Partnership Allocation Guidance.
It is important to tax equity investors that the Carbon Guidance confirms that partnership flip structures common in wind tax equity deals are a permissible method of tax equity investment in carbon projects. The IRS provides in Revenue Procedure 2020-12 that it will respect partner allocations of the Section 45Q Credits that comply with the following requirements:
- Minimum Allocation Percentages.
- At all times, the developer must have at least a 1% interest in each material item of partnership income, gain, loss, and deduction.
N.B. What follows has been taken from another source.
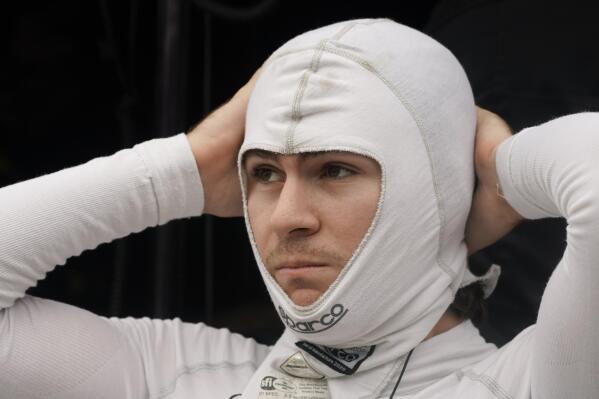 FILE - Colton Herta prepares to drive during a practice session for the IndyCar auto race at Indianapolis Motor Speedway, Friday, Aug. 13, 2021, in Indianapolis. The IndyCar Series opens its season this weekend on the downtown streets of St. Petersburg, Florida.  Colton Herta is the defending race winner. IndyCar is on a high as it begins its season with young talent capable of carrying the series into the future. But Herta is again in the mix of Formula One conversations and Pato O’Ward already has one foot out the door. (AP Photo/Darron Cummings, File)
- At all times during the period during which it owns an interest in the partnership, each investor must have at least a 5% interest in each material item of partnership income, gain, loss, and deduction.
- Similar to wind partnership flip structures, the cash distributions do not have to be the same as the tax allocations.
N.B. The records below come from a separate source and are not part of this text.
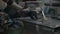 Close up of woman blacksmith welder welding two pieces of metal in her workshop helping herself with various tools -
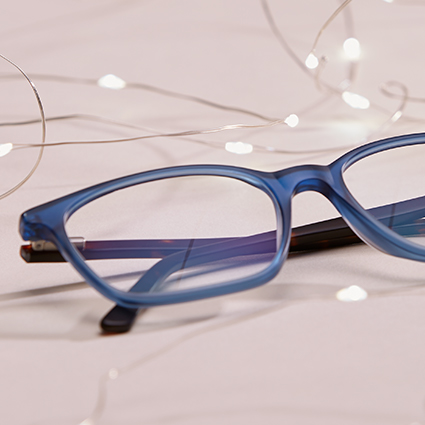 Blue prescription eyeglasses with rectangular frames placed on a white surface, with fairy lights in the background.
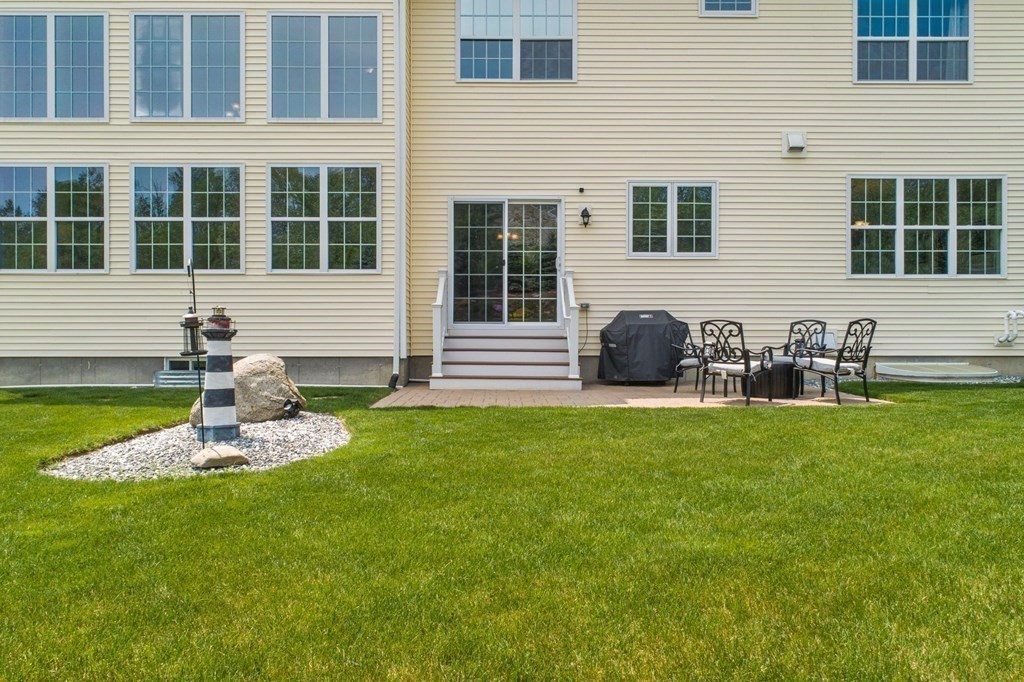 14 Pine Tree Drive Methuen, MA 01844 - Photo 4 of 42 a front view of a house with a yard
- The Revenue Procedure 2020-12 provides an example of a valid (safe harbor) allocation, which includes the following distribution and allocation provisions:
- Investment Requirements
- Each investor must be a bona fide equity holder with genuine upside and downside risk, and no other person involved in the project can guarantee or insure an investor’s right to claim the Section 45Q carbon oxide credit.
- Each investor must maintain an unconditional at-risk investment that is 20% or more of its total investment during the time it owns the partnership interest.
- More than 50% of an investor’s investment (taking into account fixed and contingent investments) must be fixed.
- The developer cannot lend any investor the funds to acquire the investor’s interest (or guarantee any of the investor’s financing of its interest).
- Timing of tax equity investments is not addressed by the Carbon Guidance (other than as discussed above with respect to transfers of an interest in a project after construction began but before the project was placed in service).
- Put and Call Rights
- None of the developer, the investors, or any related person may have a call option or other right to purchase the carbon capture equipment or a partnership interest in the future.
- An investor may not have a right to require another person to purchase the such investor’s partnership interest in the future for more than fair market value.
The Carbon Guidance rules are effective for transactions entered into on or after March 9, 2020. The IRS will not issue private letter rulings on the matters covered in the Carbon Guidance.
The Carbon Guidance will likely allow many project sponsors and tax equity investors to structure Section 45Q Credit transactions with greater confidence, which may lead to significant expansion of the tax equity market, particularly among investors looking for alternatives to the phase-down in wind and solar tax incentives.
However, while taxpayers may rely on the Carbon Guidance, the IRS has yet to release guidance or regulations on certain other critical aspects of the Section 45Q Credit. Potential investors may wait to invest until the IRS provides more clarity on issues raised by Notice 2019-32, for example, the criteria for satisfactory geographical storage and additional guidance on potential recapture of the Section 45Q Credit (including standards of triggering and measuring the recapture).